### Requirement
Return the tail of the records exactly, starting from the line containing "this 1456×819 image." and ending with the final line.

### Data

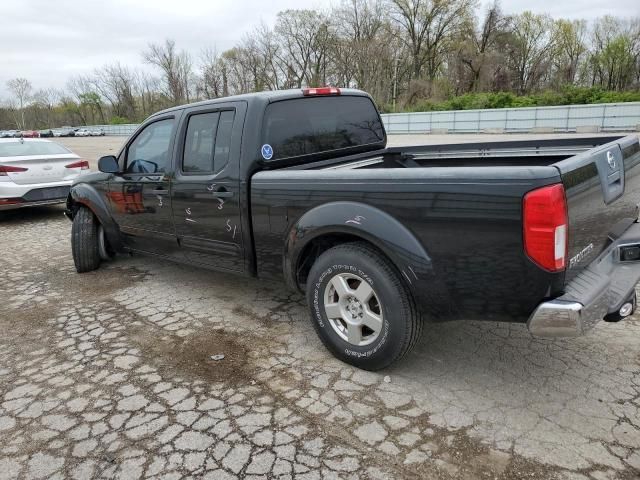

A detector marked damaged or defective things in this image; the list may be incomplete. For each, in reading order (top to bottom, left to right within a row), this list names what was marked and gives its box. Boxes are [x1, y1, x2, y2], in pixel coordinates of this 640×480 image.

cracked pavement [1, 204, 640, 478]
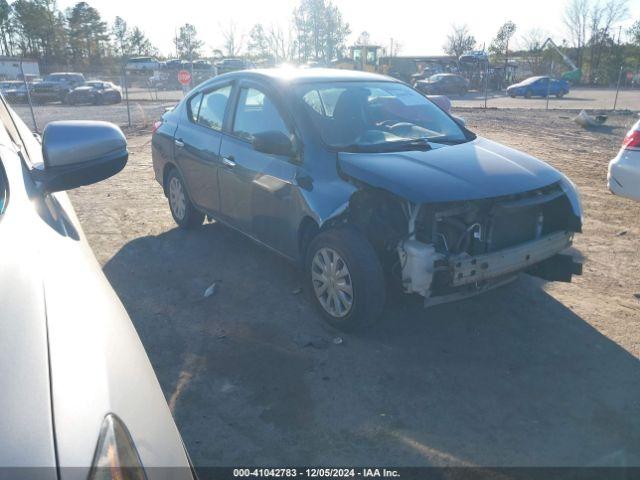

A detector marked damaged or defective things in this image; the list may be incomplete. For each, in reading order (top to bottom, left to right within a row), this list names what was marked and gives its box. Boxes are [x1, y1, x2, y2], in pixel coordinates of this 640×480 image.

damaged blue sedan [152, 68, 584, 330]
front end collision damage [322, 172, 584, 308]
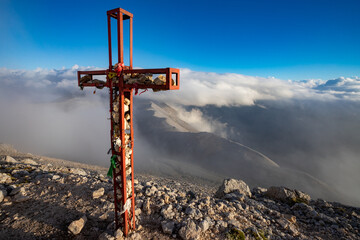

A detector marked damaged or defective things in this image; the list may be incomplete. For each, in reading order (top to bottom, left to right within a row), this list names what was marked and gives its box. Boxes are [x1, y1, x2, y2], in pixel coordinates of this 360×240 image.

rusted metal [77, 6, 181, 235]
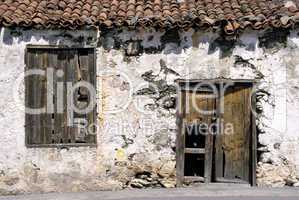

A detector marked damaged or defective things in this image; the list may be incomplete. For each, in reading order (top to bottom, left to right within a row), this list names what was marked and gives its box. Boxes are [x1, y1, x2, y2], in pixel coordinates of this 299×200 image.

broken wooden shutter [25, 47, 96, 147]
broken wooden shutter [177, 86, 217, 186]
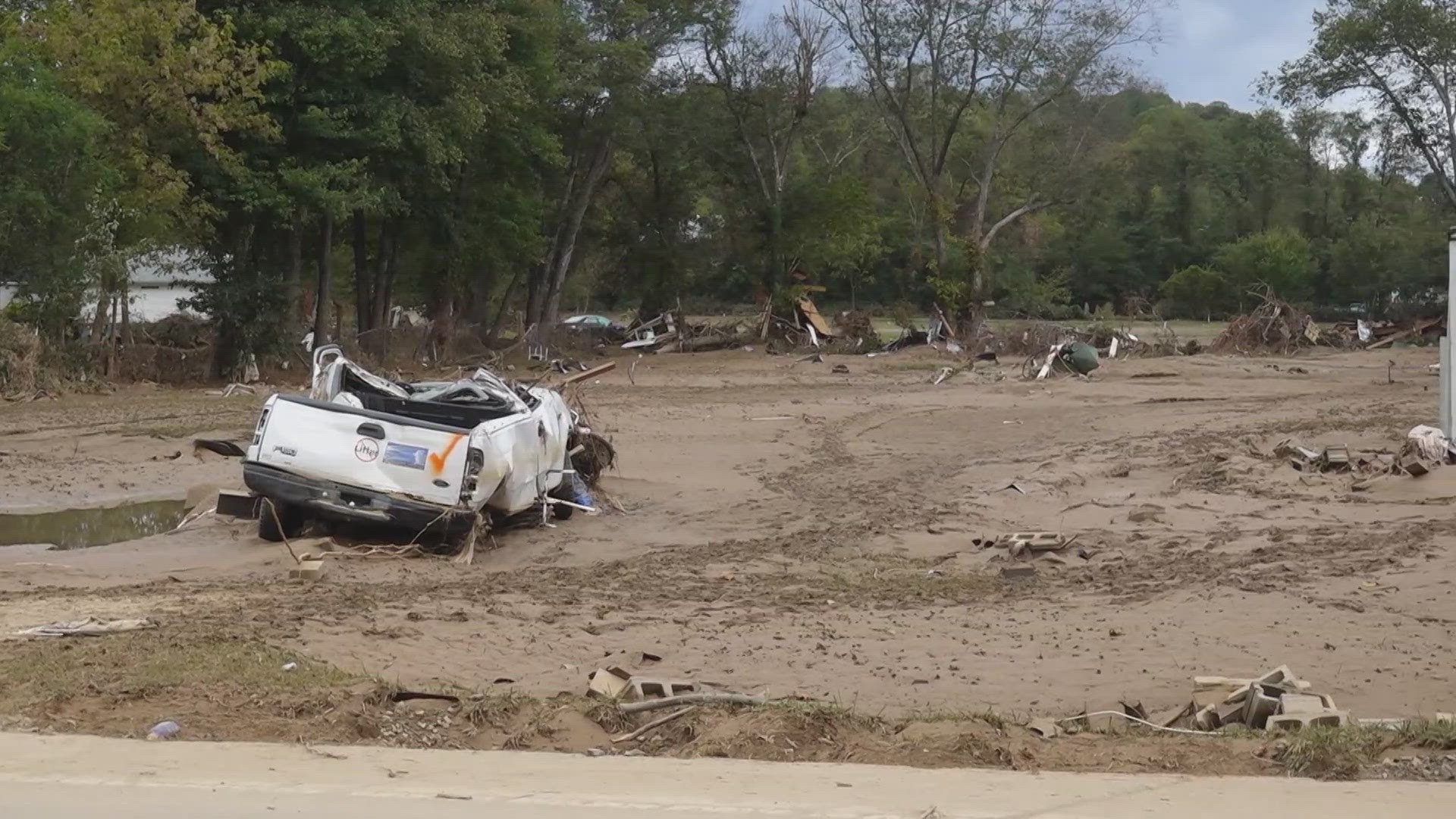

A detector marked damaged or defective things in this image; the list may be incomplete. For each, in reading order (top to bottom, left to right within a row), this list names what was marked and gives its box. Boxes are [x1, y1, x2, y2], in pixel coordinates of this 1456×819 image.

wrecked white pickup truck [243, 344, 579, 548]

### Answer section
A detector marked damaged or defective things in this image; the list may be incomplete. For each, in reading order (top to bottom, left to right within a row), this list names what was marked and gives its box. Boxes are [x1, y1, x2, y2], in pixel coordinates of this 1456×819 image.

wrecked white pickup truck [243, 344, 579, 548]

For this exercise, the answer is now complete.